(Instructions to follow): Your task is to transcribe, word for word, the line containing "component air tools" and all lines that follow it to the end of the entries. Leave out the pictures.

(Information):
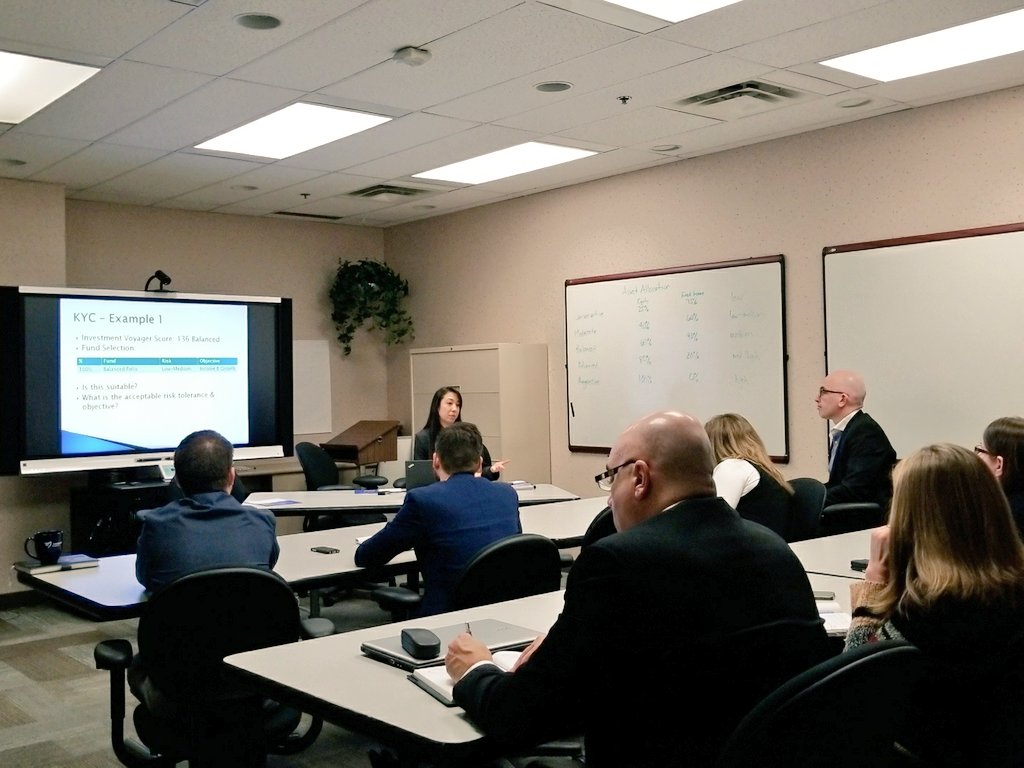 f55fottawa's tweet photo. Tuesday morning training. Every tuesday! We love to train our advisors. Keeping it fresh!  #TrainingTuesdays https://t.co/ZgQaQb5A2R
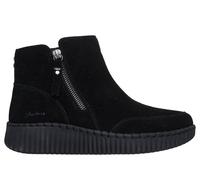 Skechers Relaxed Fit: Wilshire Blvd - Weekend Crush en Negro, talla 39.5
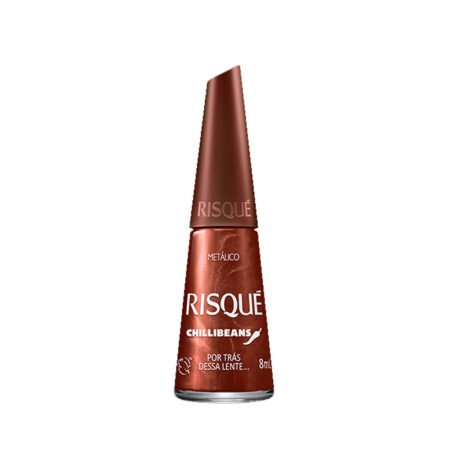 Esmalte Risque Chilli Beans Por Tras Dessa Lente 8ml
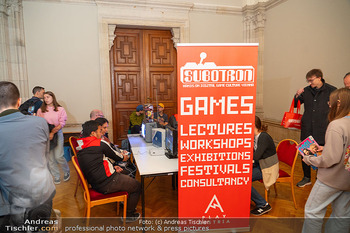 Game City Tag 3 - Rathaus, Wien - So 15.10.2023 - 2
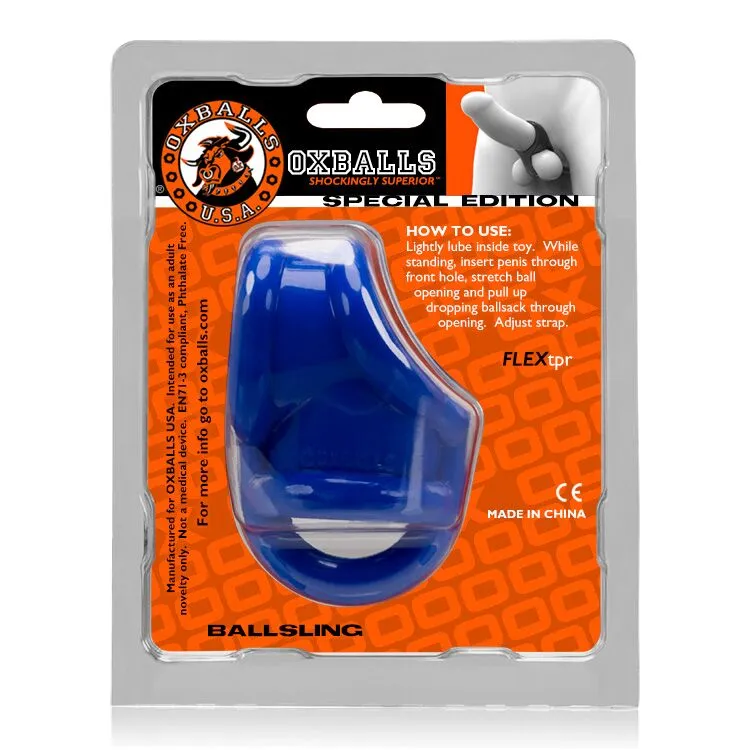 Ballsling Ball Split Sling Oxballs Police Blue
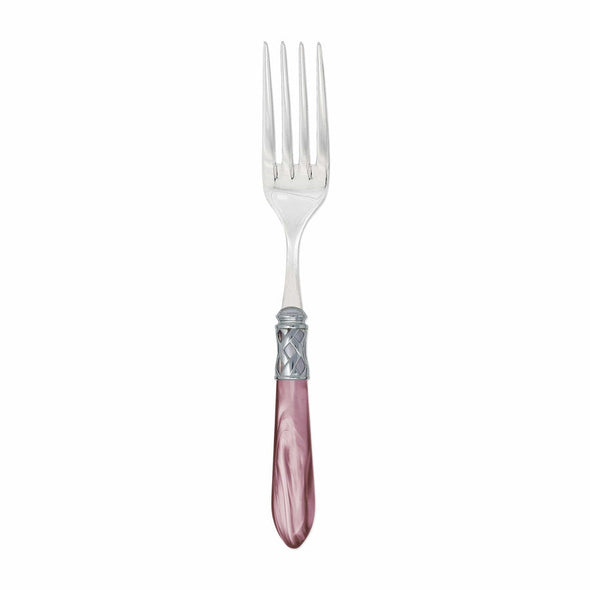 Aladdin Brilliant Serving Fork Tabletop Vietri Lilac  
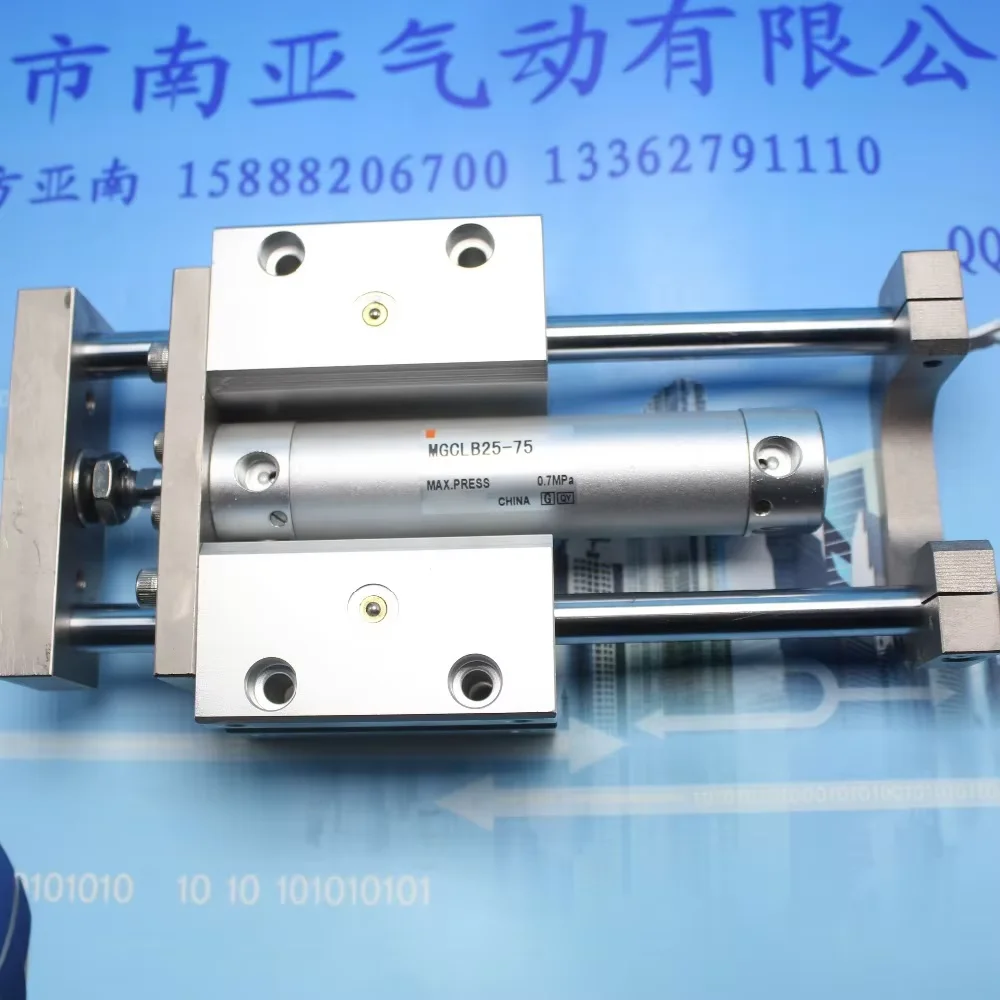 MGCLB25-75  Small-sized air cylinder with Guide  Rod pneumatic component air tools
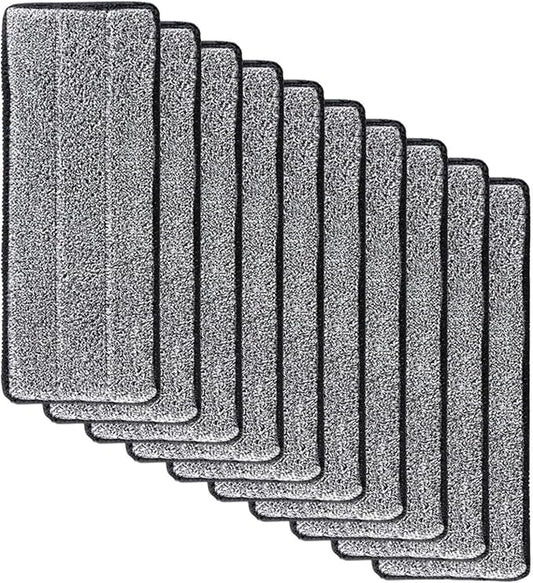 3-20pcs Microfiber Mop Pad.Replace Microfiber Washable Spray Mop Dust Mop Household Mop Head Cleaning Pad(9 pcs)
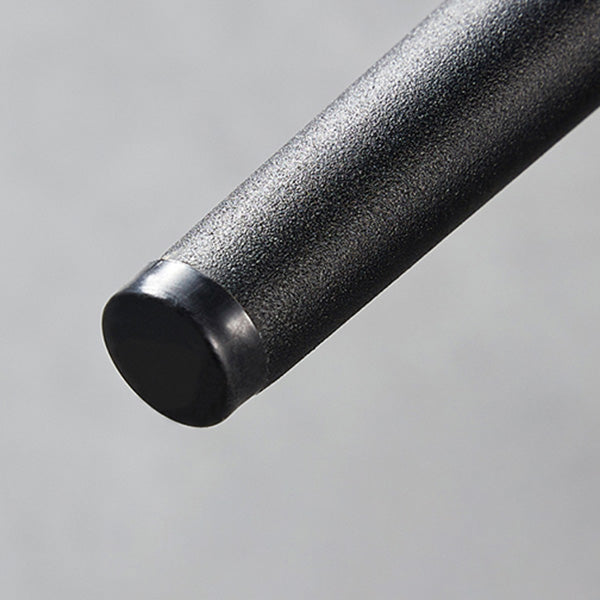 Scandinavian Leather Armless Chairs Indoor Dining Side Chairs with Metal Legs Clearhalo ' kitchen&dining_furn' 'Dining Chairs' 'Dining Tables & Seating' 'dining_chair' 'furn' 'furn_dining_chair' 'Furniture' 'furniture_dining_chair' 'Kitchen & Dining Furniture' 'kitchen' 3702858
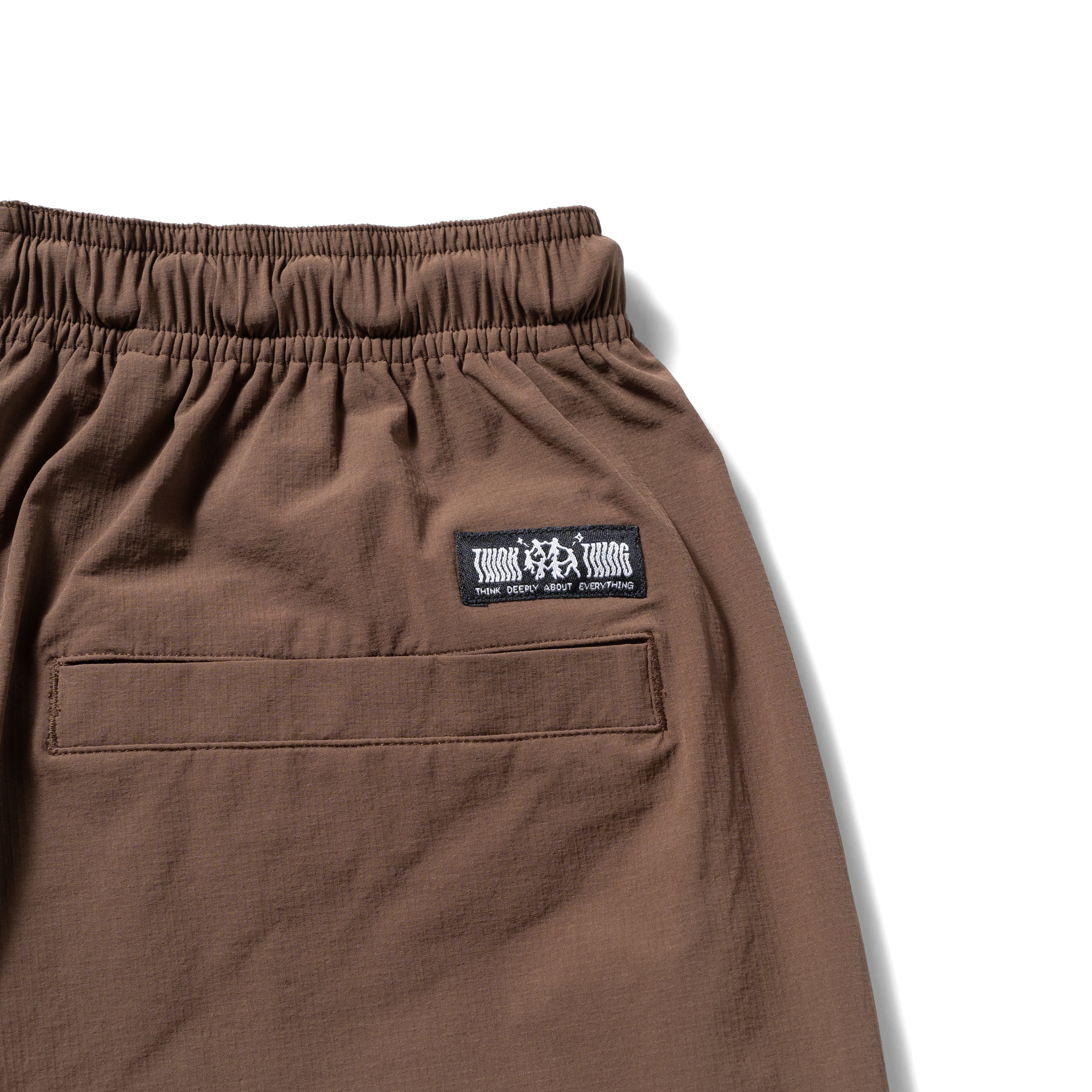 THINKTHING｜COMFIT PANTS V2｜BROWN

(Solution for this problem):
 MGCLB25-75  Small-sized air cylinder with Guide  Rod pneumatic component air tools
 3-20pcs Microfiber Mop Pad.Replace Microfiber Washable Spray Mop Dust Mop Household Mop Head Cleaning Pad(9 pcs)
 Scandinavian Leather Armless Chairs Indoor Dining Side Chairs with Metal Legs Clearhalo ' kitchen&dining_furn' 'Dining Chairs' 'Dining Tables & Seating' 'dining_chair' 'furn' 'furn_dining_chair' 'Furniture' 'furniture_dining_chair' 'Kitchen & Dining Furniture' 'kitchen' 3702858
 THINKTHING｜COMFIT PANTS V2｜BROWN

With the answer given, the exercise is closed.